Wouldn't it make more sense if you looked at it in a way that said, yes they have a mass, but the reason they can still reach light speed without succumbing to relativistic mass is a combination of the facts that
a) they're born at light speed and therefore skip the initial process
b) their excess energy gets converted to shortening their wavelength, rather than their velocity

I'm aware that someone is inevitably going to argue that black holes don't attract photons via gravity, rather they merely bend the space that photons travel along towards them resulting in said photon being sucked in. The common analogy that usually accompanies this argument is:

"Imagine you place a bowling ball in the centre of a mattress, then, you roll a marble along the mattress. The path of the marble would be straight until in reached the indent at which point it would begin traveling towards said bowing ball."

However, that analogy seems hugely flawed to me due to the fact that it's still the gravity of the Earth that causes the marble to travel down the indent, not the altered path itself

The more I think about it, the more I believe that the masslessness of photons is just an idealization of a concept that would otherwise throw our knowledge into question, and as the fear of the unknown is a fundamental human instinct, its widespread acceptance is better explained with the psychology, rather than physics.

Agree/disagree?

The notion "rest mass" is a contradiction for massless particle. The correct terminus is "invariant mass" or simply "mass". Unfortunately in the popular-physics literature they often use an old-fashioned idea about a socalled "relativistic" mass which is the (kinetic) energy of a particle divided by $c^2$, but that's just the (kinetic) energy of the particle and not its mass. Nowadays, physicists use the word "mass" for a scalar quantity, while the energy is the temporal component of a four-vector (with momentum making the three spatial components of this four-vector).
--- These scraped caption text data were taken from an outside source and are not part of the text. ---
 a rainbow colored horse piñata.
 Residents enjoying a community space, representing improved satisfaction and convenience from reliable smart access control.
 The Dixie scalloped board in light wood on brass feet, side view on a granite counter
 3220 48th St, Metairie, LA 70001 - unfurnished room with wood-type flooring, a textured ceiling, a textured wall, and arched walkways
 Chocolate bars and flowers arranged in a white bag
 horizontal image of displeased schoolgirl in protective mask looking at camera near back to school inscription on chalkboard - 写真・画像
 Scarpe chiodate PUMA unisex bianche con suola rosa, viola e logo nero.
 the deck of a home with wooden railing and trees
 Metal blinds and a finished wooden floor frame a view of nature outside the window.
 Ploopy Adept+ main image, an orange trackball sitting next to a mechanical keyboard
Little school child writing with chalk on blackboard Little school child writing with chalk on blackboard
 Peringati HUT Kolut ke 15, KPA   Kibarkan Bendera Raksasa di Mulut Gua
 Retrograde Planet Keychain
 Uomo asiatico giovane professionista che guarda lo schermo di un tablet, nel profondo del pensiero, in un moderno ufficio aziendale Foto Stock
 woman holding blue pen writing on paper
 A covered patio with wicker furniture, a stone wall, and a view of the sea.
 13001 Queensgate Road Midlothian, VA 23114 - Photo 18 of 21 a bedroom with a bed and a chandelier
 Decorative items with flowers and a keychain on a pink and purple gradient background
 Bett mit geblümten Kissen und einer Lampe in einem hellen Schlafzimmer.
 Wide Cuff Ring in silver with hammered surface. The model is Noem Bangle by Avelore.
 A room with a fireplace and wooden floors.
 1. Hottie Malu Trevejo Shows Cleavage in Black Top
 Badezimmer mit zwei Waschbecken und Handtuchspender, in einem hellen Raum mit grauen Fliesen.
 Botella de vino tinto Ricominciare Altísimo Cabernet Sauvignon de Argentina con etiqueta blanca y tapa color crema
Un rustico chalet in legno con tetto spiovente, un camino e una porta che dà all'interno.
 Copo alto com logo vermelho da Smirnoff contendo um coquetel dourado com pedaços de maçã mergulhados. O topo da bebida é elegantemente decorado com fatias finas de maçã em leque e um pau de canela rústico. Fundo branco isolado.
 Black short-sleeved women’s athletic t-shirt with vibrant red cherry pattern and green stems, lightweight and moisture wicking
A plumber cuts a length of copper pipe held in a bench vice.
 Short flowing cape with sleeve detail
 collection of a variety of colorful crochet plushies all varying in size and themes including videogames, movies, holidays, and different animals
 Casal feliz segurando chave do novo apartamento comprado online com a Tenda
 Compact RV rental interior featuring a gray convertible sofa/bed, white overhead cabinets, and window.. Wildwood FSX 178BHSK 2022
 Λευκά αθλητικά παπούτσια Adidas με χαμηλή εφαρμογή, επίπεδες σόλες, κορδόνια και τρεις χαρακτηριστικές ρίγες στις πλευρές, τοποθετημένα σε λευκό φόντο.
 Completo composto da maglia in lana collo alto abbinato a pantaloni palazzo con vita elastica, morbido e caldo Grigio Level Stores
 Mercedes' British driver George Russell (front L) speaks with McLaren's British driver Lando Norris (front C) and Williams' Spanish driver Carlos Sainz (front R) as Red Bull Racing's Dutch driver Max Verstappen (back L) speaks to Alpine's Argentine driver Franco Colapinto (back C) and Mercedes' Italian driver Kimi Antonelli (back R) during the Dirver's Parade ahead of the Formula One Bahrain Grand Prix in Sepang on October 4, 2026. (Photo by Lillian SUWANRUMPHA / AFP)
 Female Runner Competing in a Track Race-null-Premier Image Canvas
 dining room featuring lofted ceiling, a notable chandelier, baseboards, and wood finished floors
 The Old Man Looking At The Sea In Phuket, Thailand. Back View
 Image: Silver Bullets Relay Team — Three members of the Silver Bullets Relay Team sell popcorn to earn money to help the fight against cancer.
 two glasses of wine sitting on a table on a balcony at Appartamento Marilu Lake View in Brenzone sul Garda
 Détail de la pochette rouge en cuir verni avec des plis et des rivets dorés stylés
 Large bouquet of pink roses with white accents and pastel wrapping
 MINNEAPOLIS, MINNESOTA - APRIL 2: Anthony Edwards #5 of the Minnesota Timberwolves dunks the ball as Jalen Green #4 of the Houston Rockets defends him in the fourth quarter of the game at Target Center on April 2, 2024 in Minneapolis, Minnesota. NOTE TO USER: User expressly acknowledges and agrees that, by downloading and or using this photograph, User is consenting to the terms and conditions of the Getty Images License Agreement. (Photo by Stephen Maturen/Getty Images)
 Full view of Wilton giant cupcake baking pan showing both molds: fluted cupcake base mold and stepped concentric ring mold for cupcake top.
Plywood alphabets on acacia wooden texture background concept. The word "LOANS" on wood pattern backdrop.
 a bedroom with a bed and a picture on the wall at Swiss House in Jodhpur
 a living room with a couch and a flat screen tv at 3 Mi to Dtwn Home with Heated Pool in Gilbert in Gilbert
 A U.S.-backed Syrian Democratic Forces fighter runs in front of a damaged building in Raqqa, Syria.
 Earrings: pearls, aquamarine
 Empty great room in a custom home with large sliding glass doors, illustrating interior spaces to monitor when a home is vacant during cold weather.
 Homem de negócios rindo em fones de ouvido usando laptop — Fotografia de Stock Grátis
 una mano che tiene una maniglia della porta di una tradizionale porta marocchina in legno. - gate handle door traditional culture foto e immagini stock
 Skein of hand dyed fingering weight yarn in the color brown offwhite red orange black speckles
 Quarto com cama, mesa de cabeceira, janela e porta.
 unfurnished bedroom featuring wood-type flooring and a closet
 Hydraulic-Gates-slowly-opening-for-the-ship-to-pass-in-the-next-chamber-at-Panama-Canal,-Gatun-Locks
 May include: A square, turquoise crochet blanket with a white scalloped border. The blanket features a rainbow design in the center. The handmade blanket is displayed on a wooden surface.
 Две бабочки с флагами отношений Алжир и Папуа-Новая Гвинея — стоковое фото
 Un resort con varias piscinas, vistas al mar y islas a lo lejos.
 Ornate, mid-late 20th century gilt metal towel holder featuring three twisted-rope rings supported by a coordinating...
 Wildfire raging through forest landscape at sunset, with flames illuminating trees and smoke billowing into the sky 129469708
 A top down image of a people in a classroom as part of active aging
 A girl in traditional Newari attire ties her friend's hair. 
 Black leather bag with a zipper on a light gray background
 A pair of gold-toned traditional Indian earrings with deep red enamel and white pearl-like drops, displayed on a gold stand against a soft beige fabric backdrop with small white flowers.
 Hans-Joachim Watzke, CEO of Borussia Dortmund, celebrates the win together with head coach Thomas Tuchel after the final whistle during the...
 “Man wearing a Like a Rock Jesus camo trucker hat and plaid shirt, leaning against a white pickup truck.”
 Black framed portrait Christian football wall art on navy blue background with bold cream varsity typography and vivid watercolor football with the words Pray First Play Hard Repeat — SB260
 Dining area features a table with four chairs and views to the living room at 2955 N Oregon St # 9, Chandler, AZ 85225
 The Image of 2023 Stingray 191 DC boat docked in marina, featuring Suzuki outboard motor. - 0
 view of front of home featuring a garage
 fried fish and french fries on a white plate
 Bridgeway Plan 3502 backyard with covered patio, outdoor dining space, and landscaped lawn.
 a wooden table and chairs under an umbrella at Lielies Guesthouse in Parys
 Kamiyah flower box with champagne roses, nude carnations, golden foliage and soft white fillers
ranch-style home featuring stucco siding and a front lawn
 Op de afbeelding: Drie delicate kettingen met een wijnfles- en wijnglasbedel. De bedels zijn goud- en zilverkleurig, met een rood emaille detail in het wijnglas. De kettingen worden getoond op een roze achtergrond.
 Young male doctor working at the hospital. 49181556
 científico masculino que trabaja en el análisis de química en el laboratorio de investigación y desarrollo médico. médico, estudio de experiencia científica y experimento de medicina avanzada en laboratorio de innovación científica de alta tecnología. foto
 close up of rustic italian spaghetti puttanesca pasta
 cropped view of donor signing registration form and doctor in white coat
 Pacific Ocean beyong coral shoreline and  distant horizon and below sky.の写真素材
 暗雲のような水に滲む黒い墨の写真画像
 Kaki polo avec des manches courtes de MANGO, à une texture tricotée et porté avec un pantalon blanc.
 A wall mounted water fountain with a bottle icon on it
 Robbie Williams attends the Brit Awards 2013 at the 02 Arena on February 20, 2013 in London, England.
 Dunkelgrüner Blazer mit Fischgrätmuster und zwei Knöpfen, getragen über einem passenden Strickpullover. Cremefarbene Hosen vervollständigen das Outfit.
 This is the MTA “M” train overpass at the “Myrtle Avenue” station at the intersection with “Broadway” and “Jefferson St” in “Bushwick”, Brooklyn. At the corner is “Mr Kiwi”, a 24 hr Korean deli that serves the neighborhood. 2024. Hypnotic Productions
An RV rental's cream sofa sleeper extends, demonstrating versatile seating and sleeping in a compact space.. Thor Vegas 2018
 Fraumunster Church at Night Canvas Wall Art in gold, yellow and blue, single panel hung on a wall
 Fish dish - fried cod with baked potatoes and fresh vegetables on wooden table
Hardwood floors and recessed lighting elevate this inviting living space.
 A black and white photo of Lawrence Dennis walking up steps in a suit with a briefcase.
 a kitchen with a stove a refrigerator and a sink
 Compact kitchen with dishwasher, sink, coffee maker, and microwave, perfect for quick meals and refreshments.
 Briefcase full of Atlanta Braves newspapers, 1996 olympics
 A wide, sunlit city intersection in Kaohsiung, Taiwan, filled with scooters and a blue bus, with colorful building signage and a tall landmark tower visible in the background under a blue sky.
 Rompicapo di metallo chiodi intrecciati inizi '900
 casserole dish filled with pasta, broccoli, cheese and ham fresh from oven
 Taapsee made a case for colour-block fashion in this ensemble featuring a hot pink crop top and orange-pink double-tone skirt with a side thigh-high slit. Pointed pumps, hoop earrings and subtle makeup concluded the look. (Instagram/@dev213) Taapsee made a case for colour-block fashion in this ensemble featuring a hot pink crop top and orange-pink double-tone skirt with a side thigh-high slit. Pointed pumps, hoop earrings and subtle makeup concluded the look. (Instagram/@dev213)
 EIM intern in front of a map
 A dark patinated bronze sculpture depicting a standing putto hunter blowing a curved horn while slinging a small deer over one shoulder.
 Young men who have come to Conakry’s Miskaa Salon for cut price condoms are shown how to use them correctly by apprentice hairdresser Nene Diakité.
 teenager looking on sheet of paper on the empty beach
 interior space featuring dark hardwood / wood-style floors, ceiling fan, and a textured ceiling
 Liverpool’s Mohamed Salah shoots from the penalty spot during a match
That massless particles are affected by gravity is no contradiction since according to the general theory of relativity gravity acts on everything having energy and momentum. Only in the non-relativistic (Newtonian) limit, gravity becomes proportional to the (invariant) mass.

1 person
vanhees71 said:
The notion "rest mass" is a contradiction for massless particle. The correct terminus is "invariant mass" or simply "mass". Unfortunately in the popular-physics literature they often use an old-fashioned idea about a socalled "relativistic" mass which is the (kinetic) energy of a particle divided by $c^2$, but that's just the (kinetic) energy of the particle and not its mass. Nowadays, physicists use the word "mass" for a scalar quantity, while the energy is the temporal component of a four-vector (with momentum making the three spatial components of this four-vector).

That massless particles are affected by gravity is no contradiction since according to the general theory of relativity gravity acts on everything having energy and momentum. Only in the non-relativistic (Newtonian) limit, gravity becomes proportional to the (invariant) mass.

Thanks, that actually cleared things up in terms of the usage of the concept, however, if its mathematically possible for a photon to have a mass that's just so small its insignificant, why does everyone assume its just massless?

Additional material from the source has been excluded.